Statement I: \(K_3[Fe(CN)_6]\) is a low-spin complex

Statement II: In the presence of strong \(CN^-\) ligand, the d-electrons are rearranged

Both Statement I and statement II are correct and statement II is the correct explanation of statement I

The correct answer is option 1. Both Statement I and statement II are correct and statement II is the correct explanation of statement I

Let us look into each of the given statements:

Statement I: \(K_3[Fe(CN)_6]\) is a low-spin complex

\(K_3[Fe(CN)_6]\) consists of three potassium ions \((K^+)\) and one hexacyanoferrate(III) ion \(([Fe(CN)_6]^{3-})\). The iron ion in this complex is in the \(+3\) oxidation state \((Fe^{3+})\).  Iron in the +3 oxidation state has an electronic configuration of \([Ar]3d^5\). This means it has five electrons in its 3d orbitals. when the six \(CN^-\) ligand approaches the central metal ion it causes pairing of electrons in the d-orbital as \(CN^-\) is a strong field ligand and thus leads to the formation of a low spin complex.

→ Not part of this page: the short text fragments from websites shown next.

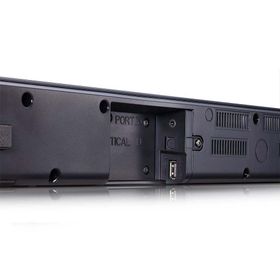 LG SJ3 Ev Sinema Sistemi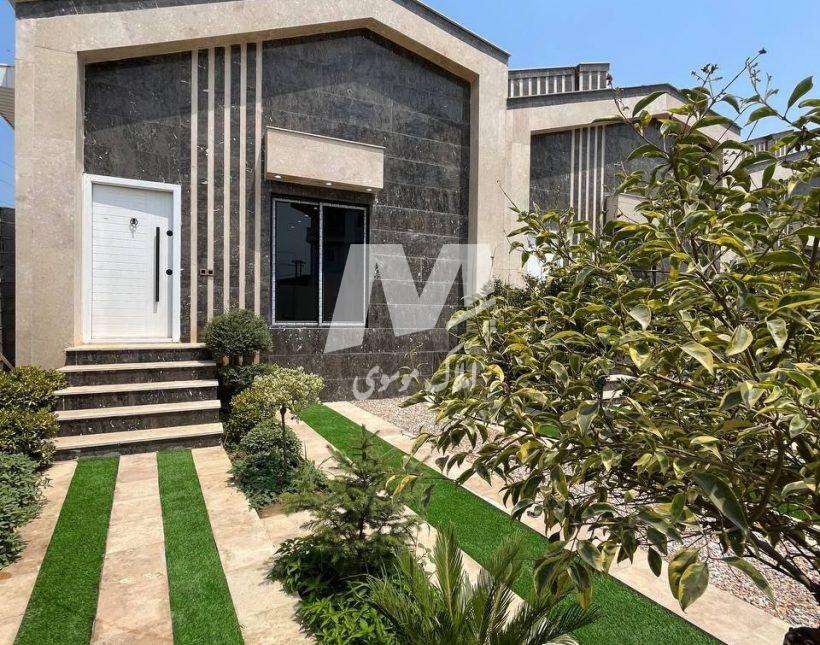 خرید ویلا سند دار در نور شهرکی با اقساط بدون بهره | ۱۶۰ متر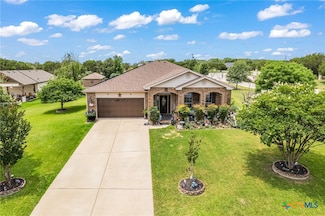 100 Rustler Cir, Harker Heights, TX 76548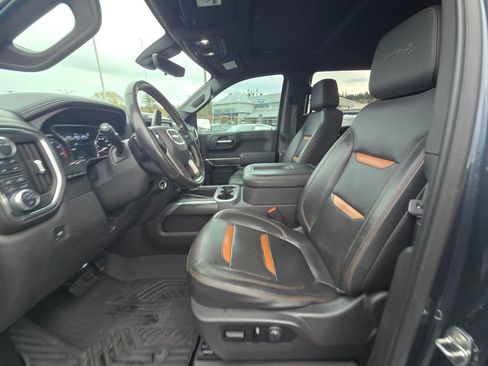 Used 2020 GMC Sierra 1500 AT4 w/ AT4 Premium Package image 22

Statement II: In the presence of a strong \(CN^−\) ligand, the d-electrons are rearranged

Cyanide \((CN^−)\) is a strong field ligand, which means it causes a large splitting (High \(\Delta _0\) value) of the d-orbitals in an octahedral crystal field. This splitting is much larger compared to weak field ligands like water \((H_2O)\) or chloride \((Cl^−)\).

In an octahedral field, the five degenerate d-orbitals split into two sets namely \(t_{2g}\) (lower energy, consisting of \(d_{xy}, d_{xz}, d_{yz}\)) and \(e_g\) (higher energy, consisting of \(d_{z^2}\) and \(d_{x^2-y^2}\)). Whether a complex is low-spin or high-spin depends on the relative magnitudes of the splitting energy \((\Delta _0)\) and the pairing energy \((P)\). In the presence of a strong field ligand like \(CN^−\), the splitting energy is large enough to overcome the pairing energy. As a result, electrons prefer to pair up in the lower-energy \(t_{2g}\) orbitals rather than occupy the higher-energy \(e_g\) orbitals.

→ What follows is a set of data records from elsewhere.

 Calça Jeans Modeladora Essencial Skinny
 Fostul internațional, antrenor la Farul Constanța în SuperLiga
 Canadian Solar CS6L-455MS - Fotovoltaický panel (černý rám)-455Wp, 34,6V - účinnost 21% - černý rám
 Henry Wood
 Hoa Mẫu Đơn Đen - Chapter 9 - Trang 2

For \([Fe(CN)_6]^{3-}\), the splitting energy is significant due to the strong field created by the cyanide ligands. \(Fe^{3+}\) has five \(3d\) electrons. In a strong field environment, these electrons will fill the lower-energy \(t_{2g}\) orbitals first. Therefore, the electronic configuration in the octahedral field with a strong ligand like \(CN^−\) is \(t_{2g}^5\) (with all electrons paired except one).

Because the electrons are paired up as much as possible in the lower energy orbitals \((t_{2g})\), \([Fe(CN)_6]^{3-}\) is a low-spin complex.

Conclusion:

Statement I is correct because \(K_3[Fe(CN)_6]\) indeed forms a low-spin complex due to the strong field effect of the cyanide ligands.

Statement II is correct because the presence of the strong field ligand |(CN^−\) leads to a large splitting of the d-orbitals, causing the electrons to rearrange in such a way that they occupy the lower-energy \(t_{2g}\) orbitals first, resulting in a low-spin configuration. Therefore, Statement II is the correct explanation for Statement I.